[Source information]
>>>>

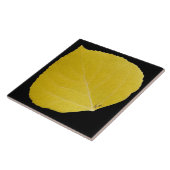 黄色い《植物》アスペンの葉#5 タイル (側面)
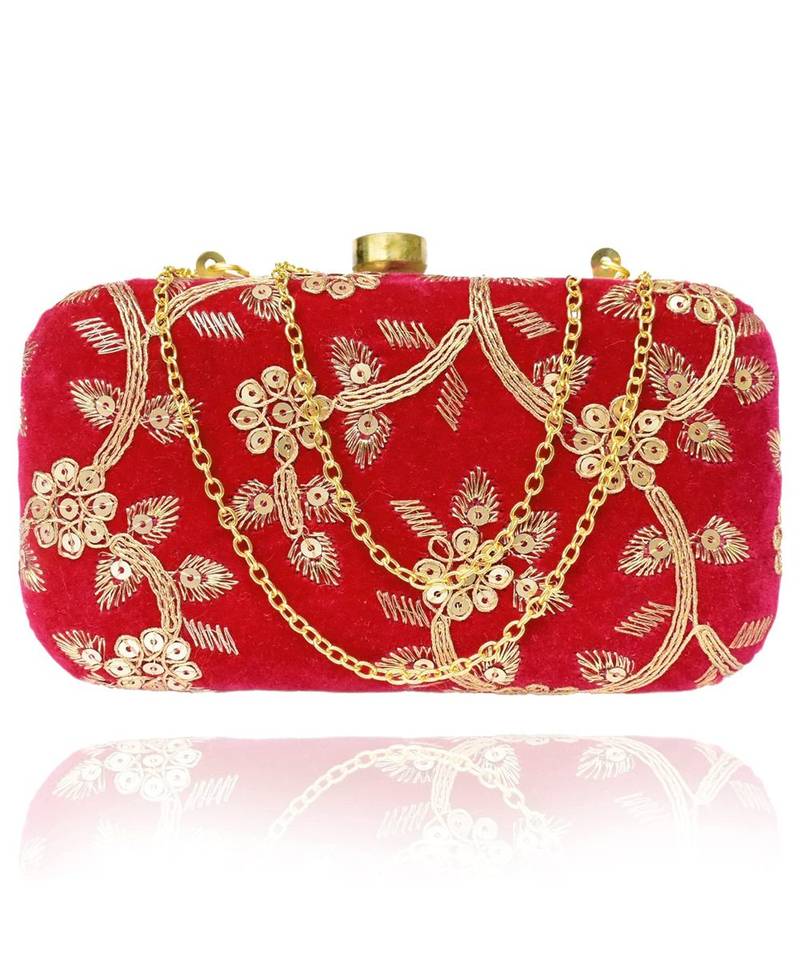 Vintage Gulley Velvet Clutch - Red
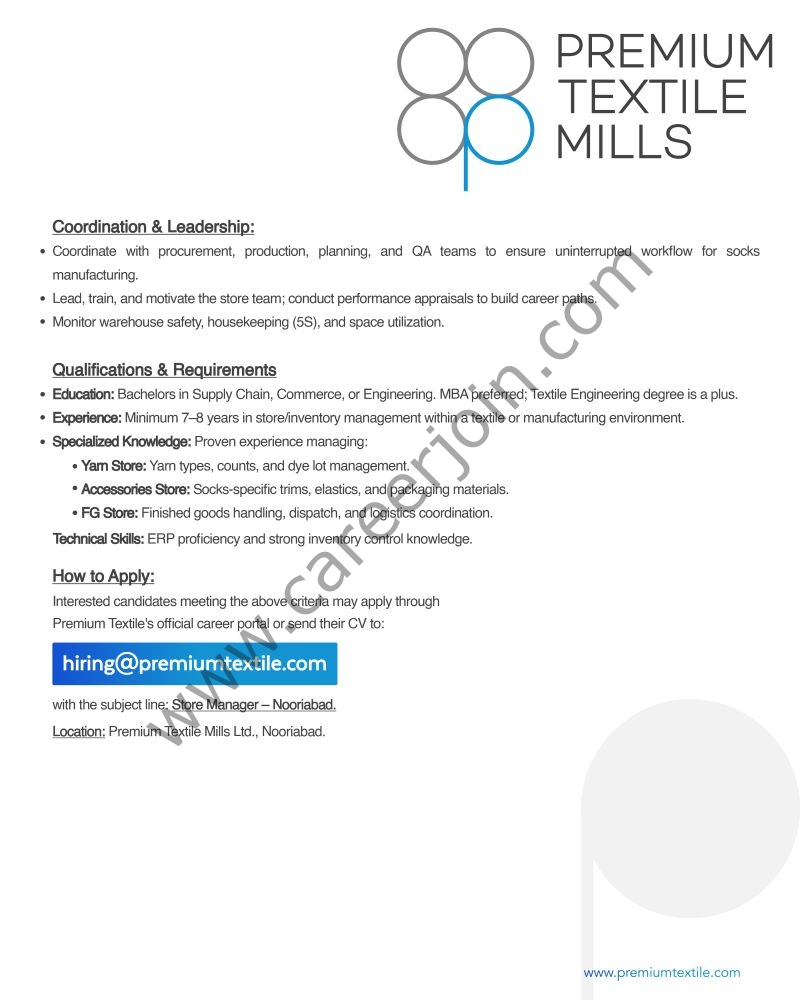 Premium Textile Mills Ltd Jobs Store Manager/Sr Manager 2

<<<<
>>>>

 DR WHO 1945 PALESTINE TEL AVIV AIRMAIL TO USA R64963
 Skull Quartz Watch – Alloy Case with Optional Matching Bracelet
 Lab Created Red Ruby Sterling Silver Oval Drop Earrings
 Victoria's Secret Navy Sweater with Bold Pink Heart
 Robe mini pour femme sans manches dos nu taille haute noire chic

<<<<
>>>>

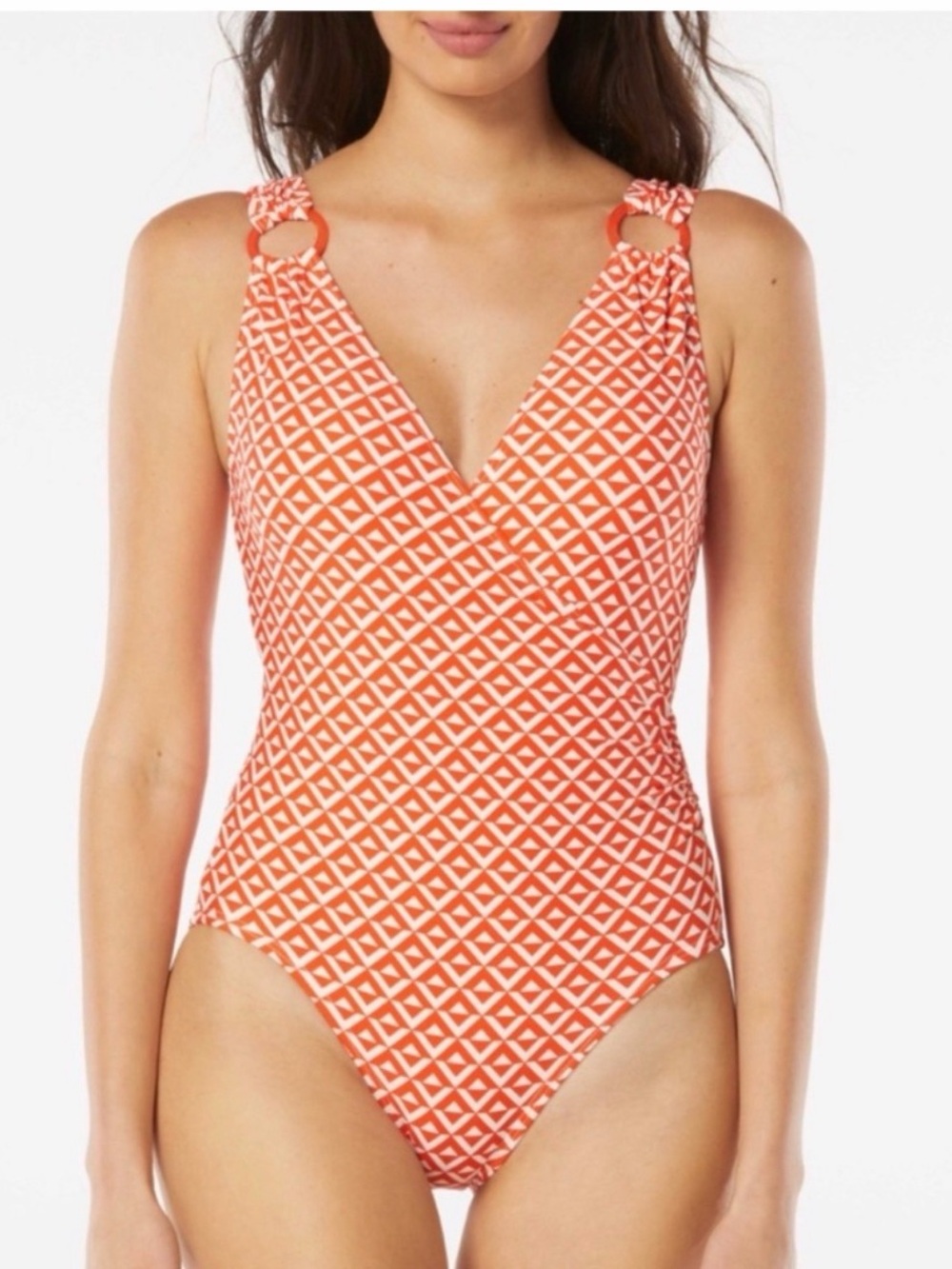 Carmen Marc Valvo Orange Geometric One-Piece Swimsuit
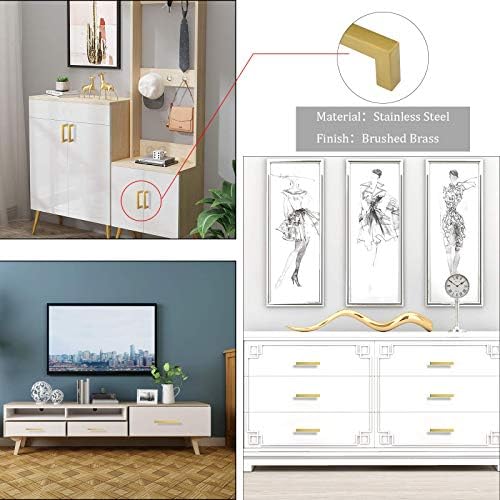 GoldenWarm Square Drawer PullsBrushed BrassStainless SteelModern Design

<<<<

Using the material above, transcribe exactly the lines from the one holding "黄色い《植物》アスペンの葉#5 タイル (側面)" to the one holding "Premium Textile Mills", both ends kept. Do not carry over any pictures.

 黄色い《植物》アスペンの葉#5 タイル (側面)
 Vintage Gulley Velvet Clutch - Red
 Premium Textile Mills Ltd Jobs Store Manager/Sr Manager 2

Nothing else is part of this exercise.